Progress Toward OA in Art History

Jennifer Howard, Picture Imperfect, Chronicle of Higher Education, August 4, 2006 (accessible only to UI affiliates and other subscribers).

Excerpt:
If scholarly publishing had an endangered-species list, the art monograph would be at the top. At least that’s the perception of many art historians as they struggle to publish their work. “Between dwindling sales and the soaring costs of acquiring illustrations and the permission to publish them, this segment of the publishing industry has become so severely compromised that the art monograph is now seriously endangered and could very well outpace the silvery minnow in its rush to extinction,” writes Susan M. Bielstein in a recent call to arms, Permissions, A Survival Guide: Blunt Talk About Art as Intellectual Property, published this spring by the University of Chicago Press.

As the press’s executive editor for art and architecture, Ms. Bielstein writes from the barricades. She knows that publishing art monographs costs a pretty penny. Art historians need high-quality illustrations to support their arguments, but in most cases, they must shell out for reproducible images, even of works in the public domain. And they, not their publishers, foot those bills. “It’s not unusual for a scholar working on the Renaissance to pay $10,000 or $15,000 to illustrate a book that may sell only 400 or 500 copies,” she says in an interview. Contemporary subjects still under copyright, and subject to an artist’s or estate’s whims, can prove to be an even costlier proposition….

Now two leading scholars [Mariët Westermann and Hilary M. Ballon] are poised to issue a major [Mellon-funded] report [“Art History and Its Publications in the Electronic Age”] on the state of art-history publication….[T]he two authors also see a developing resolve among scholars, publishers, and image providers to make art monographs easier and cheaper to illustrate and publish. They take heart, for instance, from a major proposal by the Metropolitan Museum of Art, in New York, to make images freely available to scholars….

[T]he most prominent recommendation in the draft report concerns permissions.
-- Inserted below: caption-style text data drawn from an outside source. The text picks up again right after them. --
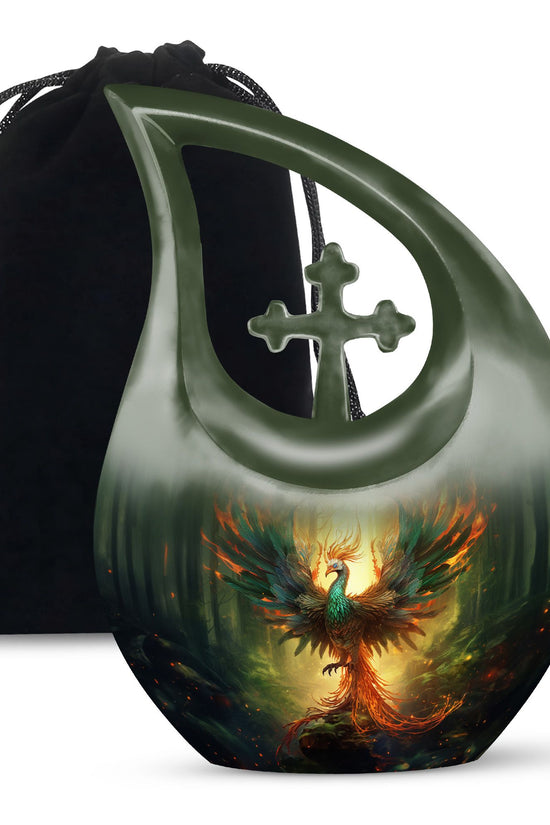 Cardinal Bird Urns For Ashes - Urn For Human Ashes Adult Female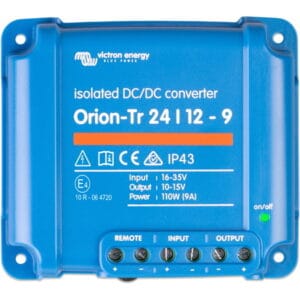 Victron Orion-Tr DC-DC Converter 24/12-9A (110W) Isolated ORI241210110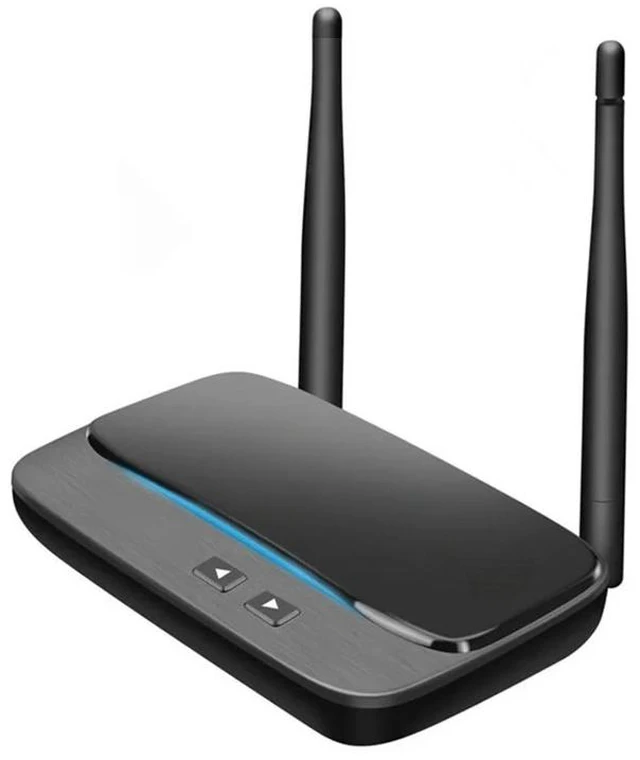 Main image of For NFC 80m Bluetooth 5.0 Transmitter Receiver AptX HD LL Optical RCA AUX 3.5mm Wireless Audio Adapter for TV PC Pair 2 Headphones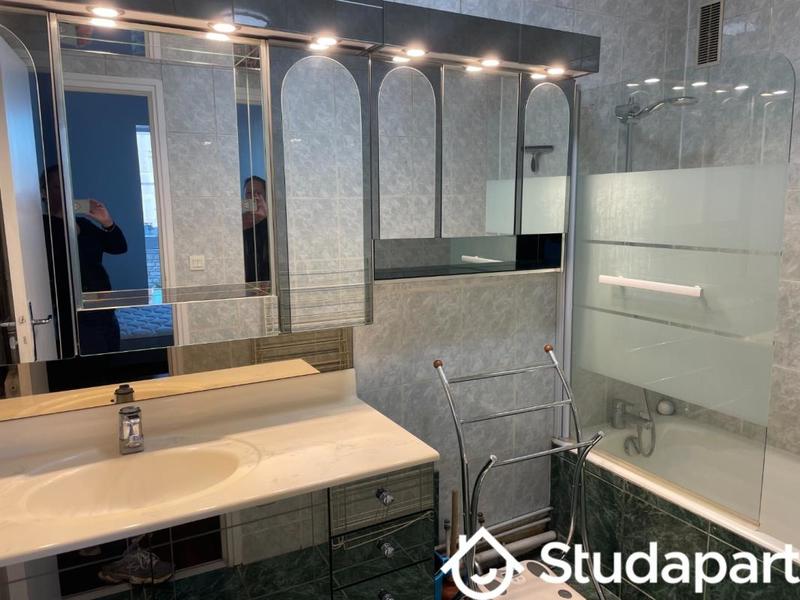 Chambre - 17 m² - 1 pièce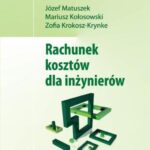 Rachunek kosztów dla inżynierów — okładka e-booka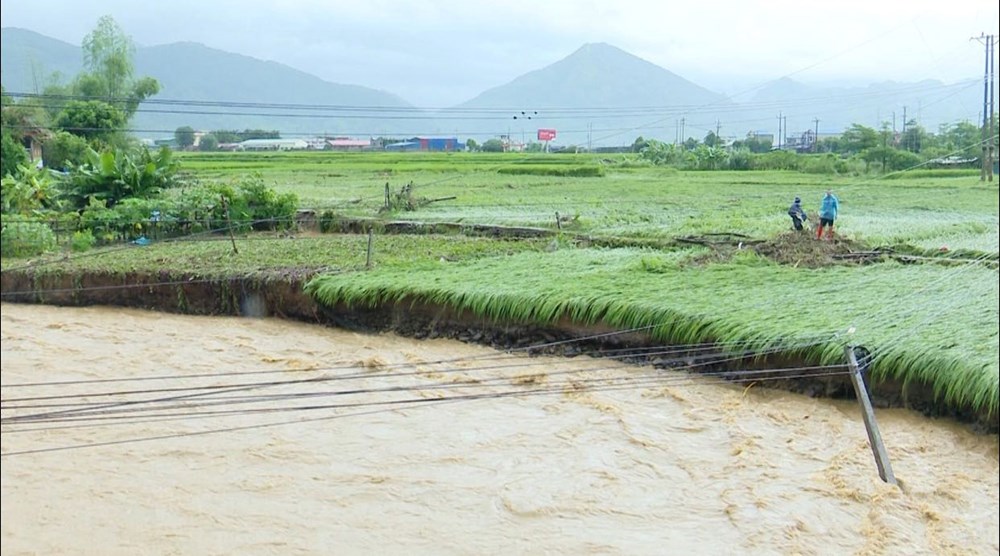 Sơn La: Mưa lũ sau bão số 10 gây thiệt hại về người, tài sản, cơ sở hạ tầng  - ảnh 5
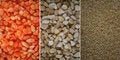 Free 3 Different Types Of Sugar Stock Images - 7016234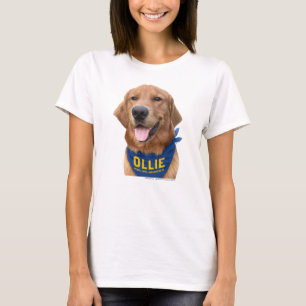 Camiseta Ollie the Lucky Dog Women's Photo T-Shirt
All parties agree that it is harder than ever to navigate what Ms. Bielstein calls “the ecosystem of rights publishing.” What’s fair use? Should a museum be able to charge for a reproducible image of an out-of-copyright object in its collection? Most do. And as digital publication tempts more and more publishers and scholars, how will they protect images that appear in an electronic book or an electronic version of a journal article?
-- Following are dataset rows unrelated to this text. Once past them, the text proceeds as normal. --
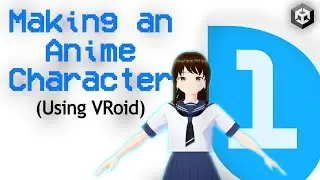 (1/5) How to Create and Animate an Anime Character for FREE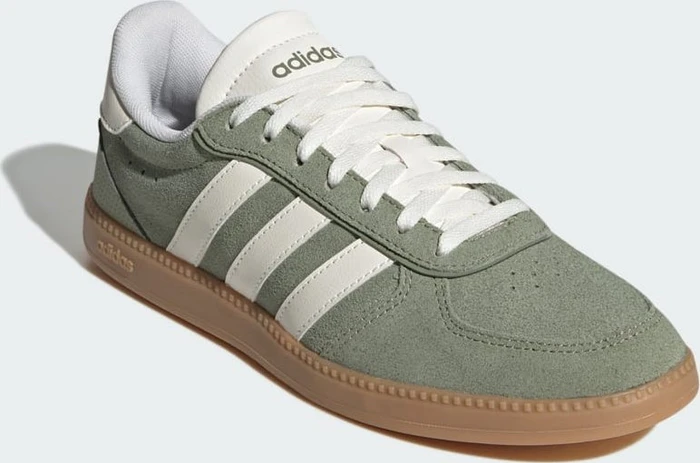 adidas Breaknet Sleek tent green/core white/gum (Damen)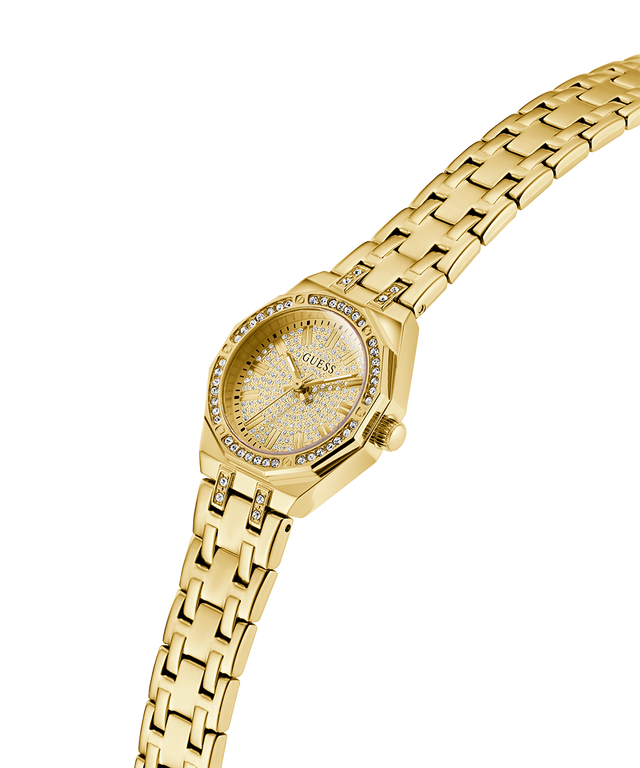 GUESS Ladies Pixie Gold Tone Analog Watch - GW0931L2 GUESS GUESS Ladies Pixie Gold Tone Analog Watch - GW0931L2 GUESS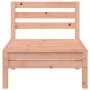 3-seater garden sofa made of solid Douglas fir wood by , Modular outdoor sofas - Ref: Foro24-838038, Price: 126,87 €, Discoun...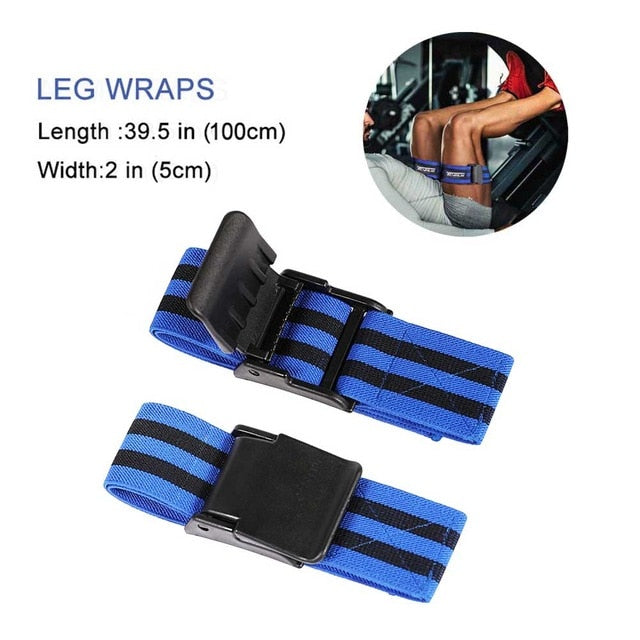 Bodybuilding Arm Blaster Leg Occlusion Blood Flow Restriction Training Resistance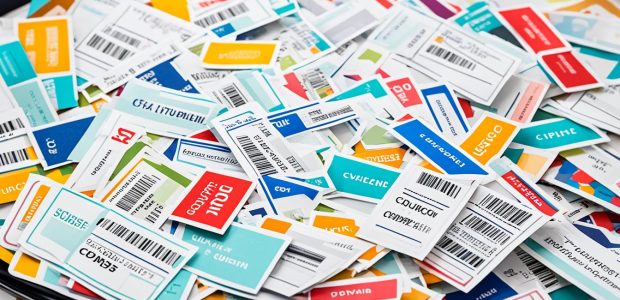 organize your coupons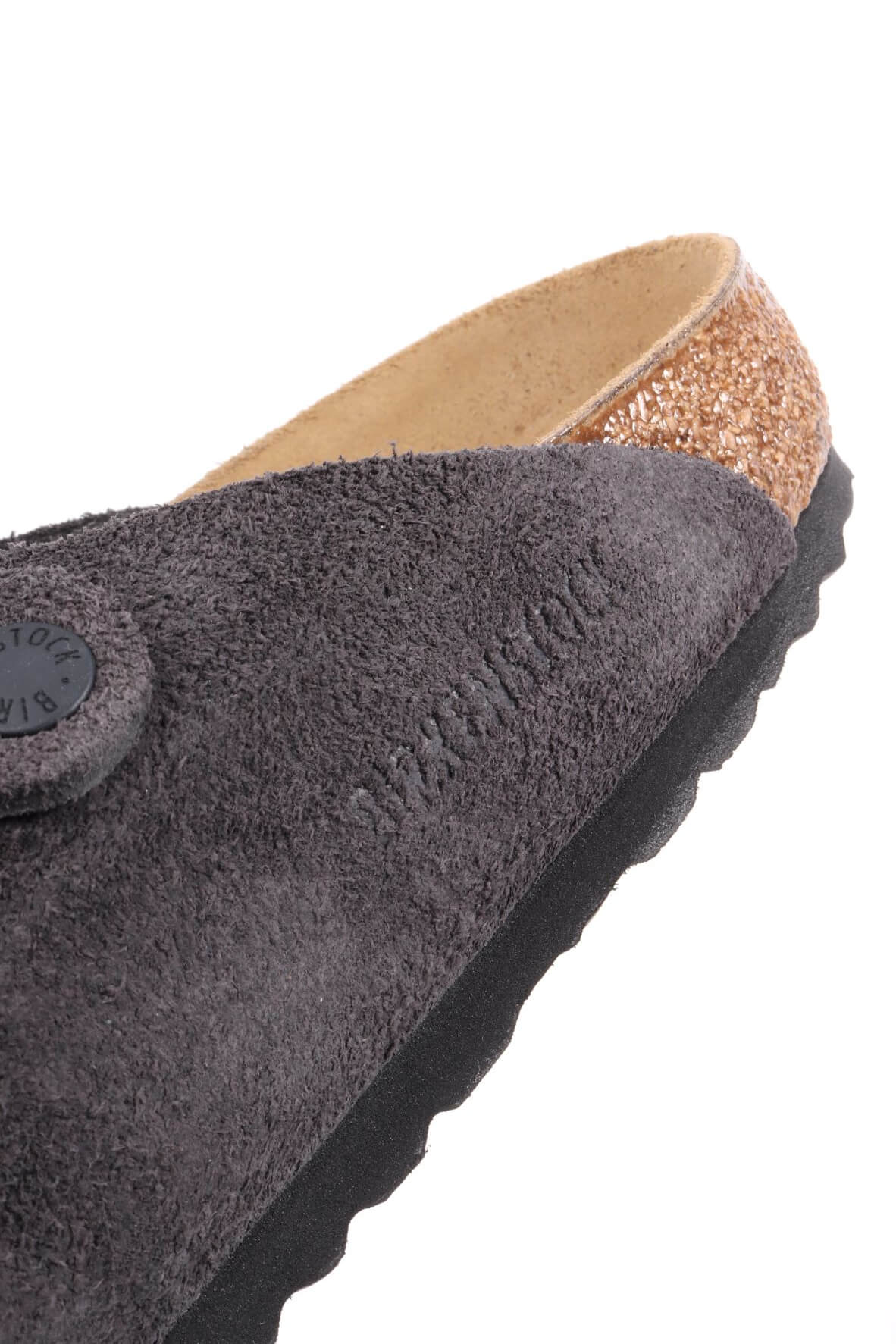 Boston suede leather -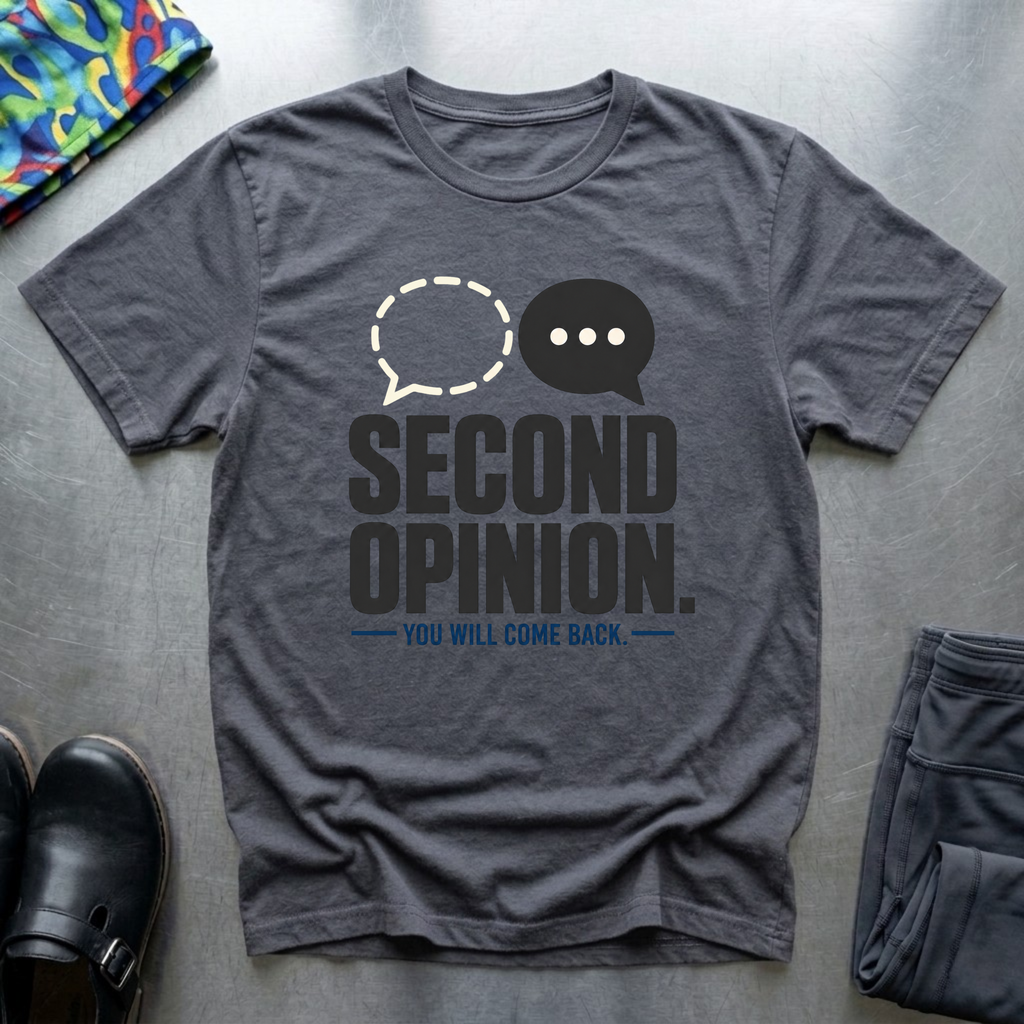 Second Opinion T-Shirt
The report’s authors urge those in the field to “organize a campaign to break down barriers to access and distribution of images, in all media and at affordable prices, for scholarly research and publication.” (Ms. Bielstein’s book makes a similar exhortation.)
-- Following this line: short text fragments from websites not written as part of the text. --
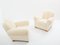Club Armchairs in Mohair & Velvet by Jules Leleu, 1940s, Set of 2 11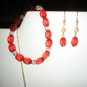 Summer Leaf Jewelry Set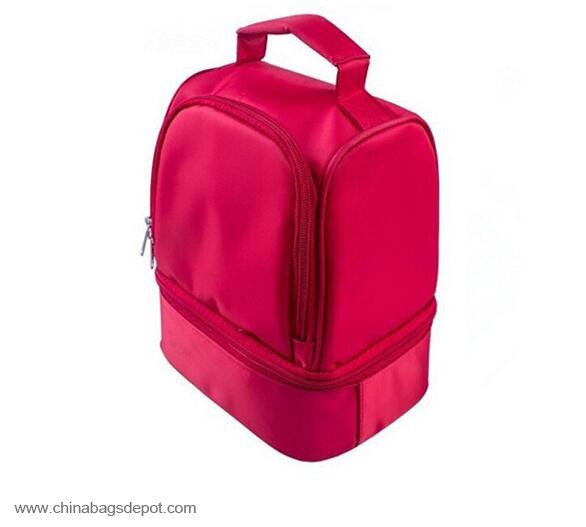 Nylon Lunch Bag mit rucksack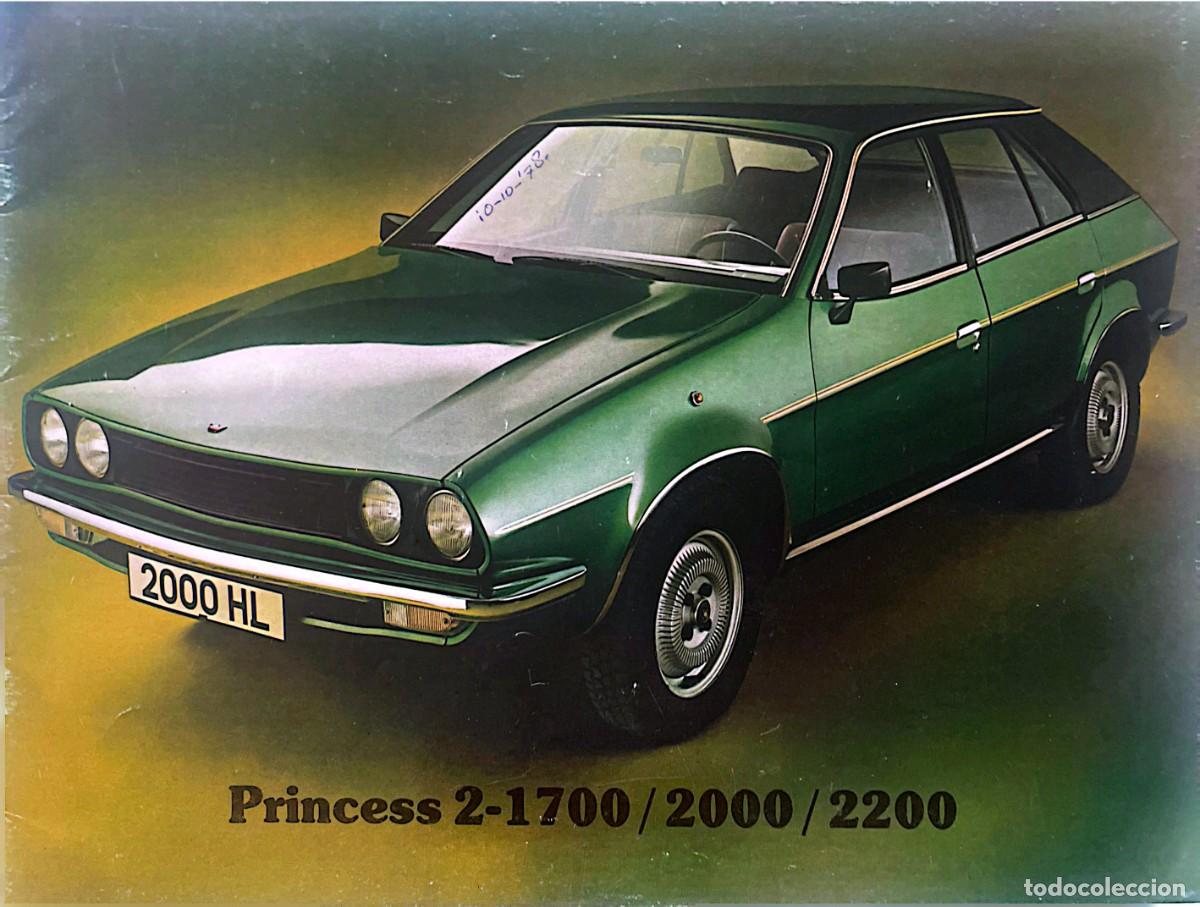 Coches y Motocicletas: CAT&Aacute;LOGO AUSTIN PRINCESS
The Metropolitan Museum of Art has taken a revolutionary step toward that end with the “scholars’ license,” which it hopes to have in place by this fall. “We have responded to what scholars needed and wanted,” says Doralynn Pines, associate director for administration. “We are proposing, in certain areas, certainly for scholarly purposes, … that we permit people to use the images with no fee.” Under the old way of doing business, a one-time use of one transparency or digital image from the Met set a scholar back $135….

The Met’s scholars’ license may well turn out to be the crowbar that pries open the doors of other image repositories. “There have been a lot of eyebrows raised and a lot of interest” at other institutions,” Mr. Shulman reports. “I have no doubt that other leading museums are figuring out if they can do it or if they should.”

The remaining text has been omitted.